Swayzeography

Road House

Ours is an era in which PG-13 movies dominate Hollywood, so it’s a breath of fresh air to re-watch an unapologetically R-rated action flick like Rowdy Herrington’s 1989 classic of sorts, Road House, which has just been released to DVD in a deluxe edition that highlights all the gratuitous sex, violence and Swayze that turned the film into a cult classic and basic-cable staple.

The irreplaceable Patrick Swayze stars as Zen bouncer James Dalton, “the best damn cooler in the business” and a New York University philosophy grad whose studies focused on “man’s search for faith—that sort of shit.” He’s summoned to clean up a rowdy joint in Jasper, Mo., a small town outside of Kansas City that somehow manages to support a thriving biker-bar economy.

Herrington’s film is essentially a B-Western transplant, made profound by the outsized lunacy of its presentation. Road House assembles many brilliantly brainless moments (Dalton’s graceful sauté off the second floor of a barn is a personal favorite) and lines (including Ben Gazzara’s loaded threat: “I see you found my trophy room, Dalton … the only thing missing is your ass”), with enough homoerotic subtext to make Top Gun look subtle by comparison.

Road House has already been released on DVD, but the remastered print and mixed bag of extras should be enough to warrant a second purchase. The extras include an informative commentary from Herrington and an utterly pointless one from Kevin Smith.

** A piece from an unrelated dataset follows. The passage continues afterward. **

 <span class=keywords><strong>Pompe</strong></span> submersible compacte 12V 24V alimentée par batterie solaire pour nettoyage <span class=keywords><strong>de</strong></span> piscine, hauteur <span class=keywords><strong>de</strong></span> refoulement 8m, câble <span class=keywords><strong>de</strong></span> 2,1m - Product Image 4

There’s also an entertaining featurette in which a self-serious Swayze and other principals wax rhapsodic about their achievement as though they’d made Rashomon, plus a short documentary that spotlights real-life bouncers and a sneak peek at the Swayze-less, straight-to-video Road House 2: Last Call, which stars Johnathon Schaech (who also replaced Nic Cage in 8MM 2) as the son of Dalton.